Major hurdle still exists as Iran nuclear talks reach finish line
Officials from the U.S. and its European allies — France, Germany and the U.K. — say they won't comply with Iran’s demand that an investigation into its undeclared nuclear activity be shut down as a condition for a deal.
Why it matters: Iran says the International Atomic Energy Agency (IAEA) probe is politically motivated, but its demand that it be shut down is a major remaining hurdle as the talks approach the finish line.
The backstory: Over the past several years, evidence has surfaced suggesting Iran might have undeclared nuclear material in secret sites around the country.
- Samples taken by UN inspectors who visited the sites only raised more questions, but Iran has declined to answer them.

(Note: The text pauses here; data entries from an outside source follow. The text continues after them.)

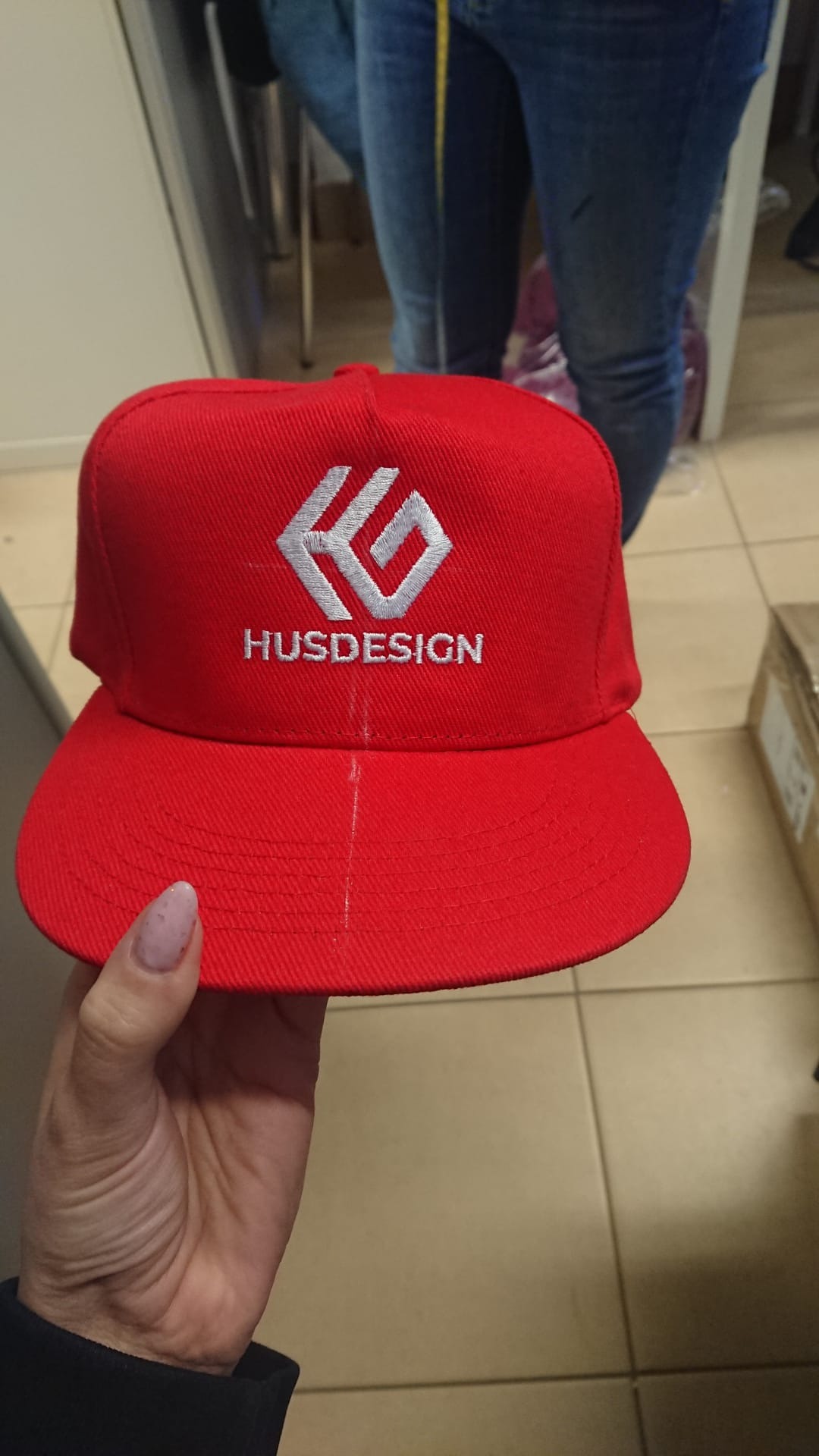 Haft na czapkach Tarnów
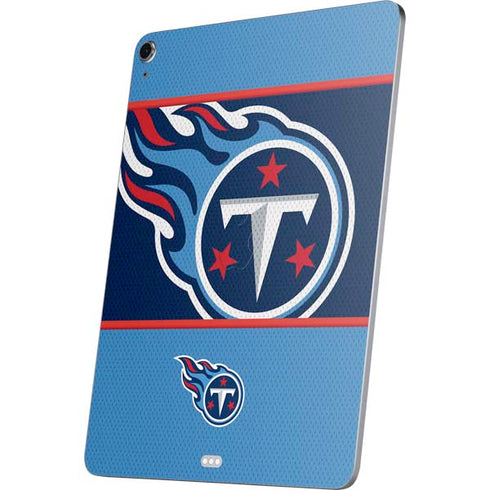 NFL Tennessee Titans Zone Block Apple iPad Air Skin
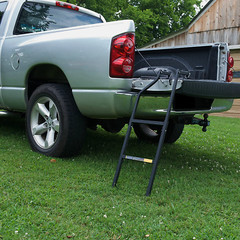 Tailgate Ladder Truck Pickup Step for Ford F150 F250 Chevy Dodge Ram Tundra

- Israel claims that's evidence that Iran continued to hide parts of its nuclear program after joining the 2015 deal.
Driving the news: Iranian chief negotiator Ali Bagheri returned to Vienna earlier this week after consultations in Tehran for what may be the final days of negotiations.
- U.S. officials say that although the parties are close to a deal, differences remain, including the IAEA probe issue and Iran's demand that the U.S. remove the Islamic Revolutionary Guard Corps from its terror blacklist.
- Washington continues to insist that if a deal isn't reached within a matter of days, there will be no point in continuing negotiations.
What they're saying: A senior Biden administration official told me that it was impossible for anyone other than IAEA Director-General Rafael Grossi to determine that open investigations had been resolved.
- Grossi said Wednesday that his agency will never stop a process that it launched for "political reasons."
- U.K. negotiator Stephanie Al-Qaq tweeted that the European powers will always reject any attempt to compromise IAEA independence.